--- DATA LISTING Enclosed Below ---
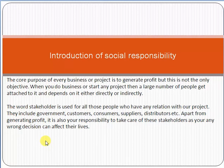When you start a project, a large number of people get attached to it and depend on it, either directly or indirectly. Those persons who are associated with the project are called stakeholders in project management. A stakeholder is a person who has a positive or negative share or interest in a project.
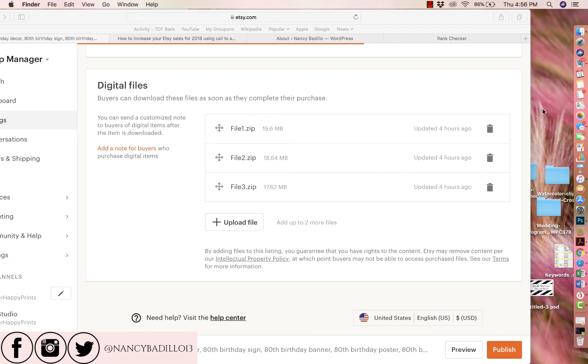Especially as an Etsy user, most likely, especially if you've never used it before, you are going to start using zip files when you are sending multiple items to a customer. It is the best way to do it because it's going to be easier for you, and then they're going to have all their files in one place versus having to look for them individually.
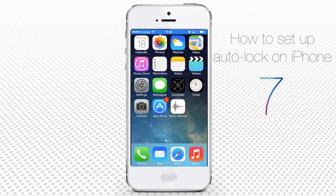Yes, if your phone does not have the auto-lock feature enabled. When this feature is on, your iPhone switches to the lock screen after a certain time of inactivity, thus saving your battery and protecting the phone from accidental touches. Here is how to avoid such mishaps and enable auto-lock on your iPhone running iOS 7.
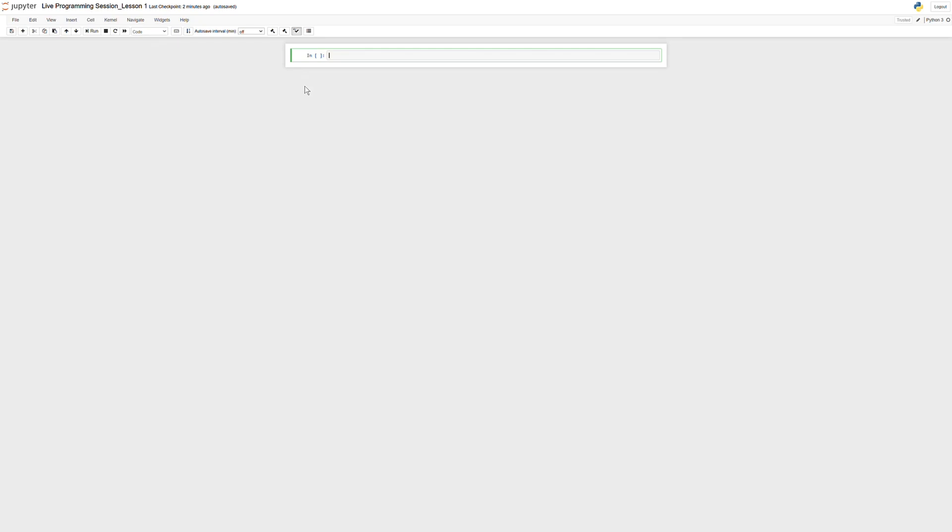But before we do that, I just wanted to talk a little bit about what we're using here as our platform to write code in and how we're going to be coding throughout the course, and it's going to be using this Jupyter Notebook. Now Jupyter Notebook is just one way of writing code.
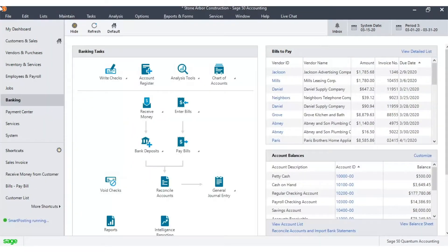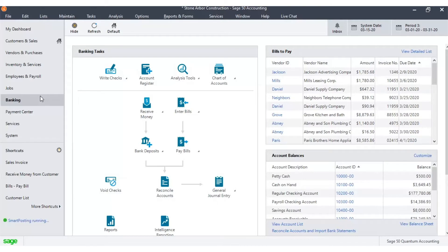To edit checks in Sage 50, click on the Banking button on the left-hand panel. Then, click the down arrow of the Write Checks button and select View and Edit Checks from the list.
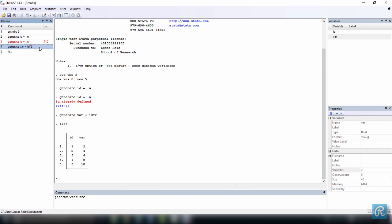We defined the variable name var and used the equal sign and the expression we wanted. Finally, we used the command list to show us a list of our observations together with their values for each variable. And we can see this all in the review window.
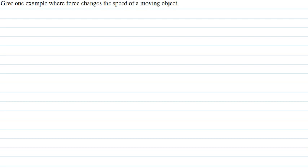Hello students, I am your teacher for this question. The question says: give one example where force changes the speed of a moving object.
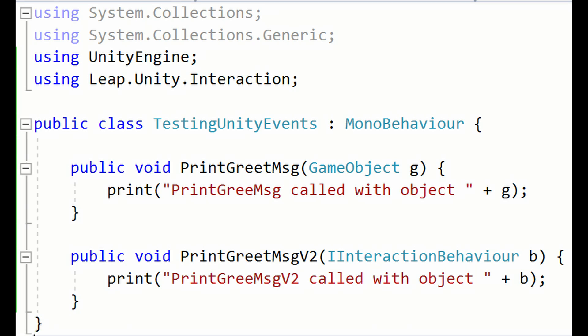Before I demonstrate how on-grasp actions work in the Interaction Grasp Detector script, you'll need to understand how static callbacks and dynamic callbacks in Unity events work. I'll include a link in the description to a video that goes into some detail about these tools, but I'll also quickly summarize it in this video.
--- End of Enclosed DATA LISTING ---
## [TASK DETAILS]
Transcribe nothing but the lines from the one containing "We defined the" through the final line of the records, exactly as written and without pictures.

## [SOLUTION TO THE PROBLEM]
We defined the variable name var and used the equal sign and the expression we wanted. Finally, we used the command list to show us a list of our observations together with their values for each variable. And we can see this all in the review window.
Hello students, I am your teacher for this question. The question says: give one example where force changes the speed of a moving object.
Before I demonstrate how on-grasp actions work in the Interaction Grasp Detector script, you'll need to understand how static callbacks and dynamic callbacks in Unity events work. I'll include a link in the description to a video that goes into some detail about these tools, but I'll also quickly summarize it in this video.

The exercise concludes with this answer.